Core concepts

Text-to-image

Text-to-image is the AI workflow where you type a written prompt and the model generates a brand-new image from it - no source image required.

Text-to-image (sometimes written "txt2img") is the most common way to use an AI image generator. You describe what you want in words and the model paints a fresh image that matches your description. Nothing is traced or copied from an existing picture - the result is synthesized from scratch.

How it works

Under the hood, a diffusion model starts from pure random noise and removes it step by step. A text encoder turns your prompt into numbers (an embedding) that steer each denoising step toward an image that fits your words. After a fixed number of steps, the noise has become a coherent picture.

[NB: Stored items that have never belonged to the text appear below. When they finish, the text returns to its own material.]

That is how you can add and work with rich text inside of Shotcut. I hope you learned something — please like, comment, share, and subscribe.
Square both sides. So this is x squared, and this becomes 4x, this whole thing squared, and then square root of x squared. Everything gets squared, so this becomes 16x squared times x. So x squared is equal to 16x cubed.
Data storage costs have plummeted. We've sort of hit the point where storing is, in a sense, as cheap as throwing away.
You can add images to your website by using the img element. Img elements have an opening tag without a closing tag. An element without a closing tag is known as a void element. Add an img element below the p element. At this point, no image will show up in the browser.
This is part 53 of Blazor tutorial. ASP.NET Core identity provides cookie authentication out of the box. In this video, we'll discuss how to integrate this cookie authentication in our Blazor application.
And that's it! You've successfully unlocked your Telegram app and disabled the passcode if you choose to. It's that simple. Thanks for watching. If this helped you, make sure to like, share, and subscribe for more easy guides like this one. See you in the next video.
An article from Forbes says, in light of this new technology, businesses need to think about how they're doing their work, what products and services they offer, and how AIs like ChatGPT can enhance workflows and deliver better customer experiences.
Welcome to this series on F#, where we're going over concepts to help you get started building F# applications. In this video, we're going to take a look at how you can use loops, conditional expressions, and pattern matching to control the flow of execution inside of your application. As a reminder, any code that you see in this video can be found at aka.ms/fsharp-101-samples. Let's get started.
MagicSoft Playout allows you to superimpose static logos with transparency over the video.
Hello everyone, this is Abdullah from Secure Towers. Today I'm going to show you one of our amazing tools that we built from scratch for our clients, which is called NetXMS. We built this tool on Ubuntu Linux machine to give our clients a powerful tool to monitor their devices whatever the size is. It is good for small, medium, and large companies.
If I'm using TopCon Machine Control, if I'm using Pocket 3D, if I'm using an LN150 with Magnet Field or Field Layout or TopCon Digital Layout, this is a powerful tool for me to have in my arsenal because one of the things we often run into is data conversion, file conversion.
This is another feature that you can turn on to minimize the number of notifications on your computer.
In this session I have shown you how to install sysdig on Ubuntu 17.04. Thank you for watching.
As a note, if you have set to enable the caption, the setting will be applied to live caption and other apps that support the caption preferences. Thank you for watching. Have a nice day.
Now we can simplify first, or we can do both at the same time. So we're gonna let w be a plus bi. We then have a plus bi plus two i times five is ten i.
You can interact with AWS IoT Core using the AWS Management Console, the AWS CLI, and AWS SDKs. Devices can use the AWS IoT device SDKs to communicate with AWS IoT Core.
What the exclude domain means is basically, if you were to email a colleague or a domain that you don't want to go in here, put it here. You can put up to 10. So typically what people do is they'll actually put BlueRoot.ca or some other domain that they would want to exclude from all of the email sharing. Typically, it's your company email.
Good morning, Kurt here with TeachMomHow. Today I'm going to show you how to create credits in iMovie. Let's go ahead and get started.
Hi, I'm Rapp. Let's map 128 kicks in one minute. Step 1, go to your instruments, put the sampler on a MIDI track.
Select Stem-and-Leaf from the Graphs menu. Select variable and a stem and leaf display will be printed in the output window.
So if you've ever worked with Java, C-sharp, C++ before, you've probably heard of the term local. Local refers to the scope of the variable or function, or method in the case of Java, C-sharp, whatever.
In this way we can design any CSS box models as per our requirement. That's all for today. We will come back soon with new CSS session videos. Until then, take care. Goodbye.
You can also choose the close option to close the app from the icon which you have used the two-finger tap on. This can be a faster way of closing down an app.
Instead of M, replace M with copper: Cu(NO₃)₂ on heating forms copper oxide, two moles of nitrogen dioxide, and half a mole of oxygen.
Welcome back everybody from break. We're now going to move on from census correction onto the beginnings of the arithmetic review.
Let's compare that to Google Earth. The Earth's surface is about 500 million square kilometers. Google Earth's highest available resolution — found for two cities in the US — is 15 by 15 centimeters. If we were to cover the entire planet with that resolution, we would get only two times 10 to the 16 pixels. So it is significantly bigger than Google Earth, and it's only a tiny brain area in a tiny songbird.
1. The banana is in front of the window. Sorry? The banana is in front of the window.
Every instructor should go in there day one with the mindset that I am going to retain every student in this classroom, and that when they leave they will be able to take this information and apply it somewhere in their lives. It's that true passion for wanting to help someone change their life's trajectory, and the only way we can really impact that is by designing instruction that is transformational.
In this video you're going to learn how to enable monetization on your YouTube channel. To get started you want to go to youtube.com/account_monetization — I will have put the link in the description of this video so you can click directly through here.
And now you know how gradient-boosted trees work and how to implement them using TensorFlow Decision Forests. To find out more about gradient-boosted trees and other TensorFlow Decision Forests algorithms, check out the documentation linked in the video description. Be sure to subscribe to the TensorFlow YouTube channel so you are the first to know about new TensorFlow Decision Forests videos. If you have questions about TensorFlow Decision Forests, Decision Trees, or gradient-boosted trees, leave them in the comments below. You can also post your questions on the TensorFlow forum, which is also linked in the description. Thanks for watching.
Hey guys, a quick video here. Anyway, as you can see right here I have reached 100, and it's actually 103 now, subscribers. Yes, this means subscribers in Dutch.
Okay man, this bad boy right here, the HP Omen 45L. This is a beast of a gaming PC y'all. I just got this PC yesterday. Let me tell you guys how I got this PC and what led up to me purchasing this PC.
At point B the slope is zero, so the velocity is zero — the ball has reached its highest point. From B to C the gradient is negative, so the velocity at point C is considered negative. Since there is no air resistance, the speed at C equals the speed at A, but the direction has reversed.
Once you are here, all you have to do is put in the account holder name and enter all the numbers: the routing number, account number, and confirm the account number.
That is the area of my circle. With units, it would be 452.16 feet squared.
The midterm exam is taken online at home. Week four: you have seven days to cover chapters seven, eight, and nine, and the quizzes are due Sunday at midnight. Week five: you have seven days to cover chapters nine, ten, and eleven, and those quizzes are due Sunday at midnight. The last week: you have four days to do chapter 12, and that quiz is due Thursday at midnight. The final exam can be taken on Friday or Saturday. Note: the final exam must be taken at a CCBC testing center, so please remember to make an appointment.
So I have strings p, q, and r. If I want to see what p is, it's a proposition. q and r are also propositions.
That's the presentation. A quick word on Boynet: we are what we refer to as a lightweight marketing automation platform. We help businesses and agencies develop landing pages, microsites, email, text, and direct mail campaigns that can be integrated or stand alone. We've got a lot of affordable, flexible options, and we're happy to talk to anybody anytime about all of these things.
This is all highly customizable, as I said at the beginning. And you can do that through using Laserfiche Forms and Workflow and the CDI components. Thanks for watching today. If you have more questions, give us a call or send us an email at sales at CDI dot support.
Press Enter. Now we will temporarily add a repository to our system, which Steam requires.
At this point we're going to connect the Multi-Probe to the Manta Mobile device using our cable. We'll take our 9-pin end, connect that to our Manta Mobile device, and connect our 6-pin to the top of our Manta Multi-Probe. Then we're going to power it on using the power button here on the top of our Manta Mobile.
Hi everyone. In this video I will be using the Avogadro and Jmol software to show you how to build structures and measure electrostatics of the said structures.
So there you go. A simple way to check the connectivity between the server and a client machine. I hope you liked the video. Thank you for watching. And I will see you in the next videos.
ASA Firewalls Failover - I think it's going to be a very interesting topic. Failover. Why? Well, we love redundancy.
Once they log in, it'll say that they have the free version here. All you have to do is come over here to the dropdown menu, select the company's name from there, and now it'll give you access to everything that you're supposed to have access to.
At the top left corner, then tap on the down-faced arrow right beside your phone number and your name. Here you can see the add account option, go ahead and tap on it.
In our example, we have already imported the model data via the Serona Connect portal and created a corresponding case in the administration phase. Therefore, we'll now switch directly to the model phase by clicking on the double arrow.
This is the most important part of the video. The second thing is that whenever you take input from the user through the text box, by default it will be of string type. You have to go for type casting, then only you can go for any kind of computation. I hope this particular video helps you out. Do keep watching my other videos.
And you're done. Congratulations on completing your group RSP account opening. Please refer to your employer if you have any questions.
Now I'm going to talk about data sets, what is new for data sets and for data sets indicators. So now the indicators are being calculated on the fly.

How closely the result follows your wording is controlled by the CFG scale. The exact image you get for a given prompt depends on the random starting point, which is set by the seed - reuse a seed and you can reproduce the same image.

Why it matters

Text-to-image is what makes AI generators feel like magic: you go from an idea to a usable visual in seconds, with no drawing skill required. Writing clear, specific prompts - subject, style, lighting, composition - is the single biggest lever on quality.

Example

A descriptive prompt that names the subject, style, lighting and framing gives the model far more to work with than a single word.

Example prompt

A cozy Scandinavian reading nook by a rain-streaked window, warm morning light, soft film grain, photorealistic, 35mm, shallow depth of field

Try it in the generator

Put text-to-image to work right now - free daily generations, commercial license included.

Start creating free

Frequently asked questions

What is the difference between text-to-image and img2img?

Text-to-image starts from random noise and builds a brand-new picture from your words alone. Img2img starts from an existing image and transforms it according to your prompt, keeping some of the original structure.